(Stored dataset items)
----
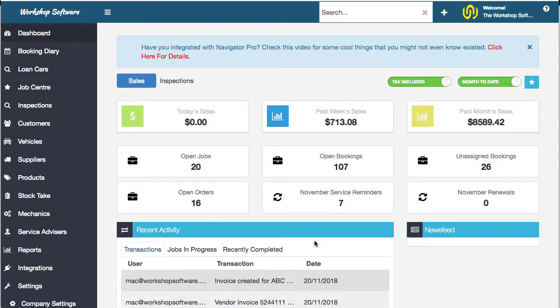Hi, welcome to this video in the One Minute Workshop Software feature series, where in one minute we show you just one of the features inside Workshop Software. Today we're going to talk about management reporting.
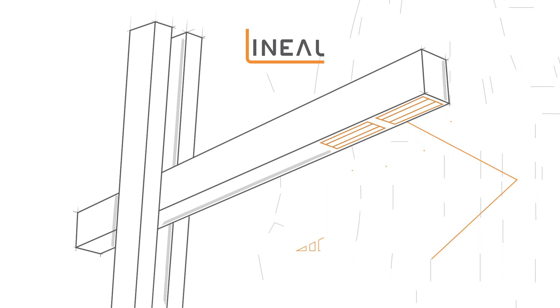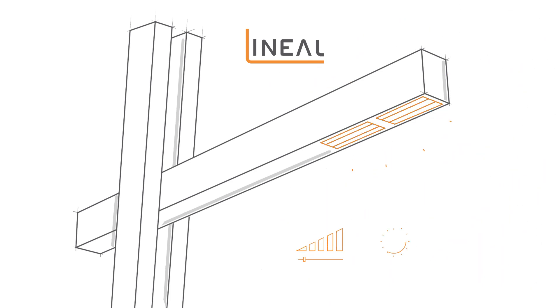Lineal has the latest dimmers, sensors, and wireless technology elegantly hidden inside the luminaire housing.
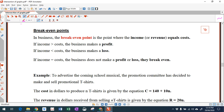Now we need to talk about break-even points. In a business, when your income equals your costs, that means you're not making a profit or a loss — it means you're breaking even. The break-even point is where income or revenue equals your costs. If your income is bigger than your costs you're making a profit. If your income is less than your costs you are losing money — you're making a loss.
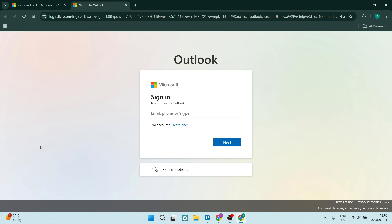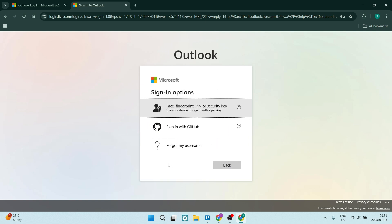In this tutorial we are doing it without the phone number. If you type in your email address, you don't have to use your phone number. You can also click on sign-in options — you can sign in with GitHub, or use face, fingerprint, PIN, or security key. This will use your device to sign in with a passkey, so if you've set any of this up you can use it here.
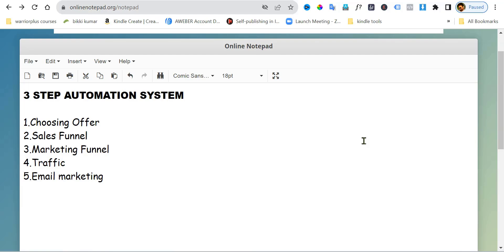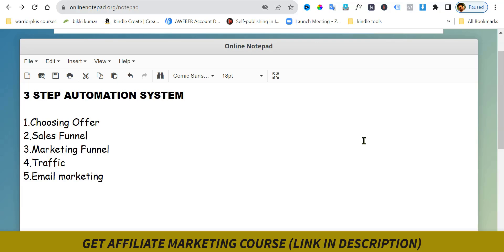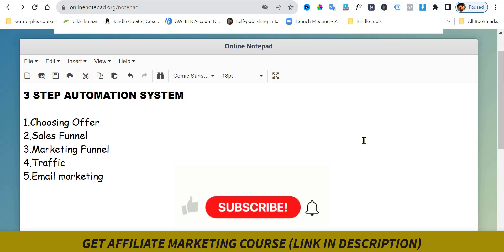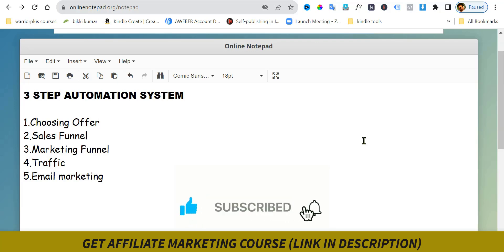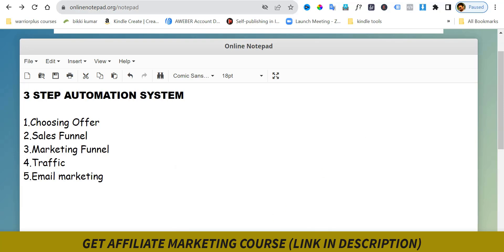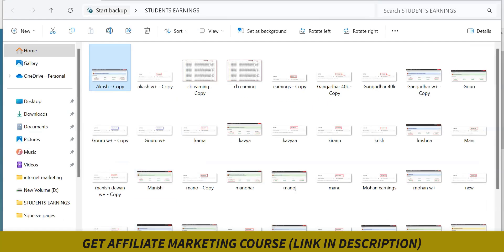Welcome to the three-step automation system. This is a recent course launch — a completely affiliate marketing training. Most of the people are already making money and interest every single day, and some are making another hundred to two hundred dollars every single day.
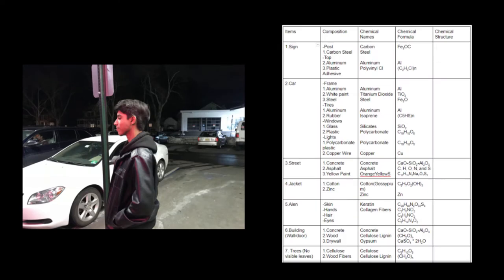It's pretty evident that the most convenient way this is going to go for both of us is if I just say the items, the composition, and the chemical names, and I put the chemical formula on the screen. So, for my first picture, the first item is a sign. It consists of a post, which is made of carbon steel, and the top part, which is made of aluminum and plastic adhesive. The post is made of carbon and steel, and the aluminum and plastic adhesive are made of aluminum and a chemical called polyvinyl chloride.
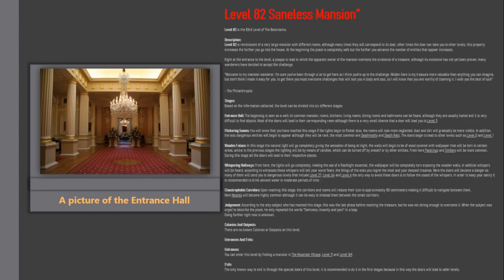At the beginning the place is completely safe but the further you advance the number of entities that appear increases. Right at the entrance to the level, a plaque is read in which the apparent owner of the mansion mentions the existence of a treasure, although its existence has not yet been proven, many wanderers have decided to accept the challenge.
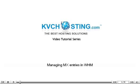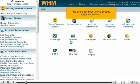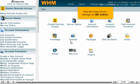Managing MX Entries in WHM. This demo assumes you've already logged in to WHM. Now let's learn how to manage our MX entries.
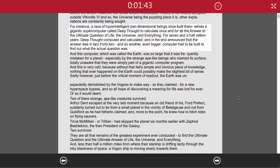For instance, a race of hyper-intelligent, pan-dimensional beings once built themselves a gigantic supercomputer called Deep Thought to calculate, once and for all, the answer to the ultimate question of life, the universe, and everything.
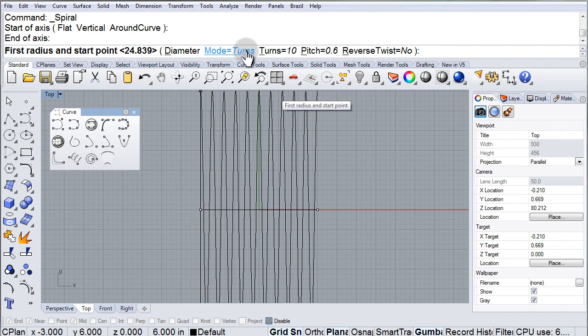It's very similar to the helix. Mode, turns, all of that information is very similar.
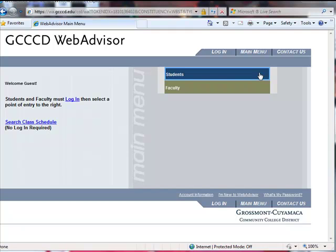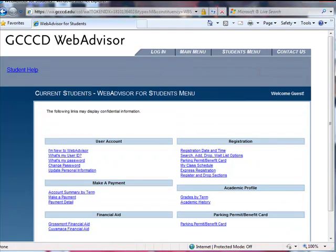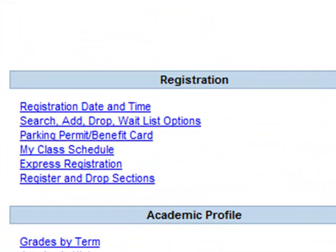Welcome to WebAdvisor, the Grossmont-Cuyamaca Community College District's online registration system. WebAdvisor is your primary resource for managing your coursework, updating your personal information, and retrieving important information such as grades and academic history. This web tool allows you to find your registration date and time,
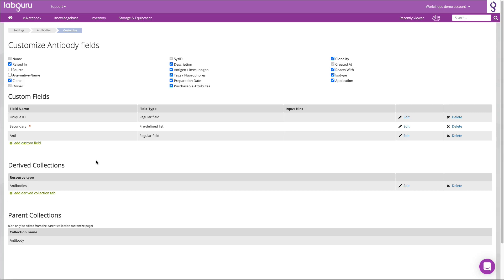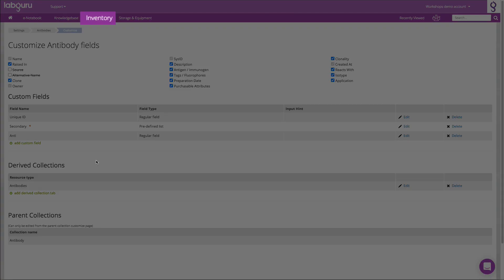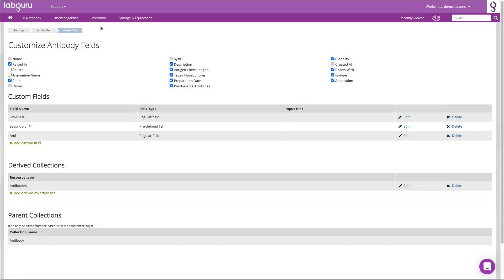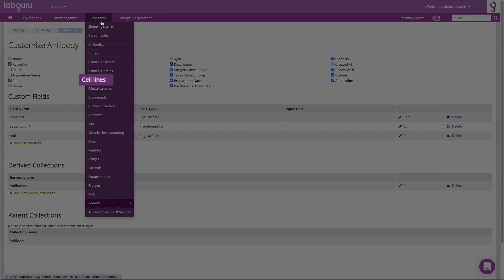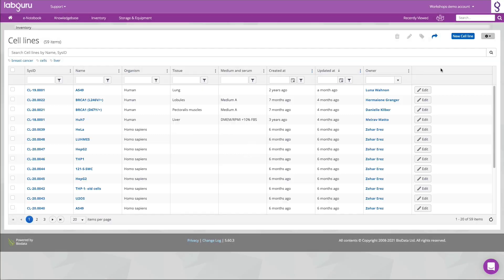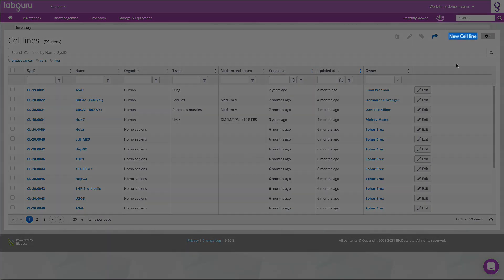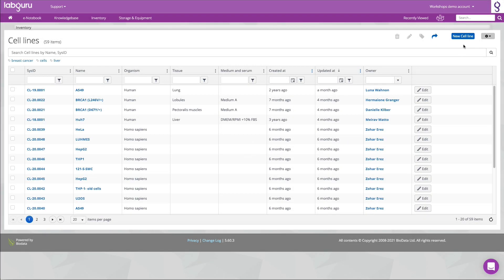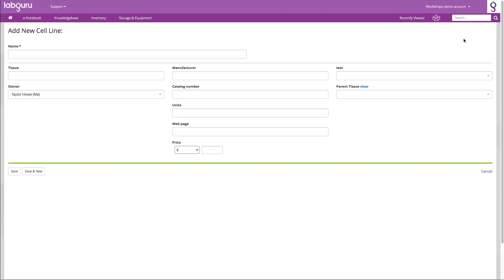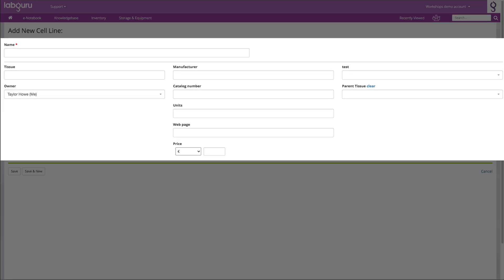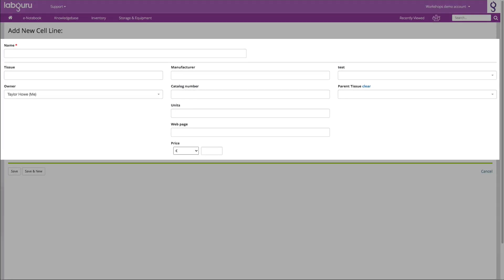The next step is to populate the collection with your inventory items. There are two ways to add items to a collection, and the first one is to add items manually. Fill in those fields and make sure to click save.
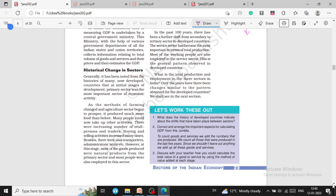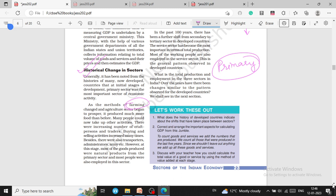Now let us look at historical changes in sectors. At the initial stages of development, the primary sector was the most important sector of economic activity in a country. With the innovation of farming methods, the agriculture sector began to produce much more food than before. People started working in industries, and some got involved in transportation. Gradually, the secondary sector became the most important sector in the economy and in providing employment.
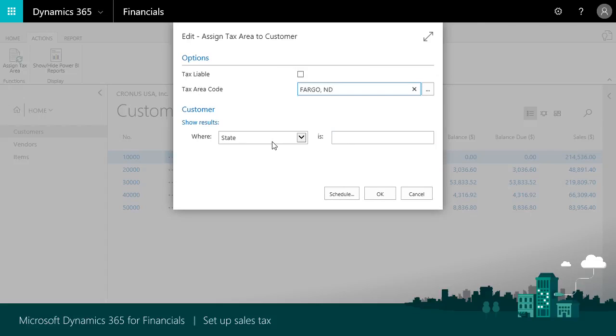Thanks for watching this video about how to automate sales tax calculations for sales and purchase documents. We've just seen how easy it is to automate the process by using the setup sales tax assisted setup.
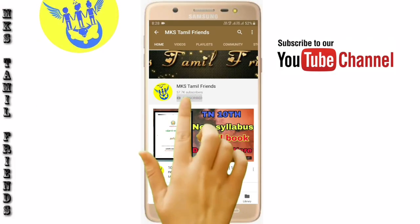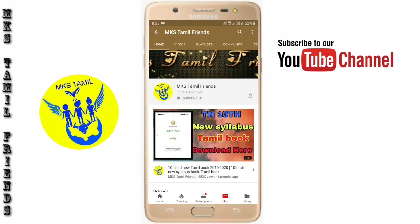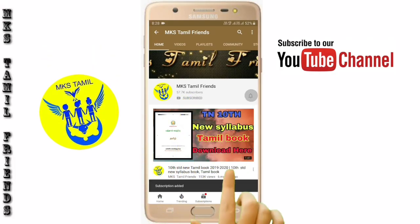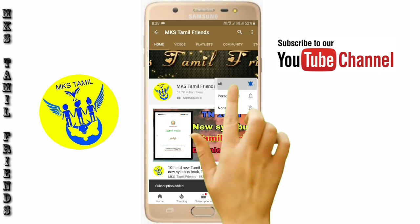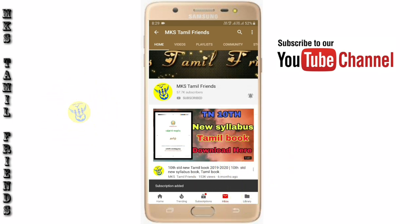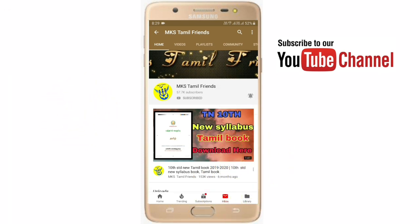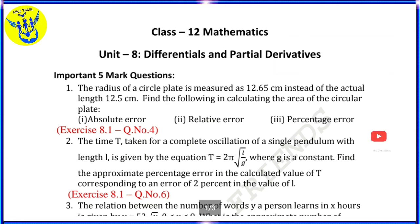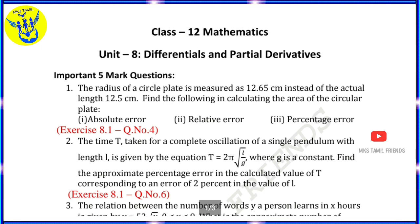If you want to subscribe to our channel, please press the bell icon. Hi friends, welcome to our channel. Today we will see a video on 12th Standard Mathematics Vol. 2 Chapter 8 for important 5 mark questions.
----
The data above must be reproduced exactly, without any of its pictures.

Hi, welcome to this video in the One Minute Workshop Software feature series, where in one minute we show you just one of the features inside Workshop Software. Today we're going to talk about management reporting.
Lineal has the latest dimmers, sensors, and wireless technology elegantly hidden inside the luminaire housing.
Now we need to talk about break-even points. In a business, when your income equals your costs, that means you're not making a profit or a loss — it means you're breaking even. The break-even point is where income or revenue equals your costs. If your income is bigger than your costs you're making a profit. If your income is less than your costs you are losing money — you're making a loss.
In this tutorial we are doing it without the phone number. If you type in your email address, you don't have to use your phone number. You can also click on sign-in options — you can sign in with GitHub, or use face, fingerprint, PIN, or security key. This will use your device to sign in with a passkey, so if you've set any of this up you can use it here.
Welcome to the three-step automation system. This is a recent course launch — a completely affiliate marketing training. Most of the people are already making money and interest every single day, and some are making another hundred to two hundred dollars every single day.
It's pretty evident that the most convenient way this is going to go for both of us is if I just say the items, the composition, and the chemical names, and I put the chemical formula on the screen. So, for my first picture, the first item is a sign. It consists of a post, which is made of carbon steel, and the top part, which is made of aluminum and plastic adhesive. The post is made of carbon and steel, and the aluminum and plastic adhesive are made of aluminum and a chemical called polyvinyl chloride.
At the beginning the place is completely safe but the further you advance the number of entities that appear increases. Right at the entrance to the level, a plaque is read in which the apparent owner of the mansion mentions the existence of a treasure, although its existence has not yet been proven, many wanderers have decided to accept the challenge.
Managing MX Entries in WHM. This demo assumes you've already logged in to WHM. Now let's learn how to manage our MX entries.
For instance, a race of hyper-intelligent, pan-dimensional beings once built themselves a gigantic supercomputer called Deep Thought to calculate, once and for all, the answer to the ultimate question of life, the universe, and everything.
It's very similar to the helix. Mode, turns, all of that information is very similar.
Welcome to WebAdvisor, the Grossmont-Cuyamaca Community College District's online registration system. WebAdvisor is your primary resource for managing your coursework, updating your personal information, and retrieving important information such as grades and academic history. This web tool allows you to find your registration date and time,
The next step is to populate the collection with your inventory items. There are two ways to add items to a collection, and the first one is to add items manually. Fill in those fields and make sure to click save.
Now let us look at historical changes in sectors. At the initial stages of development, the primary sector was the most important sector of economic activity in a country. With the innovation of farming methods, the agriculture sector began to produce much more food than before. People started working in industries, and some got involved in transportation. Gradually, the secondary sector became the most important sector in the economy and in providing employment.
Thanks for watching this video about how to automate sales tax calculations for sales and purchase documents. We've just seen how easy it is to automate the process by using the setup sales tax assisted setup.
If you want to subscribe to our channel, please press the bell icon. Hi friends, welcome to our channel. Today we will see a video on 12th Standard Mathematics Vol. 2 Chapter 8 for important 5 mark questions.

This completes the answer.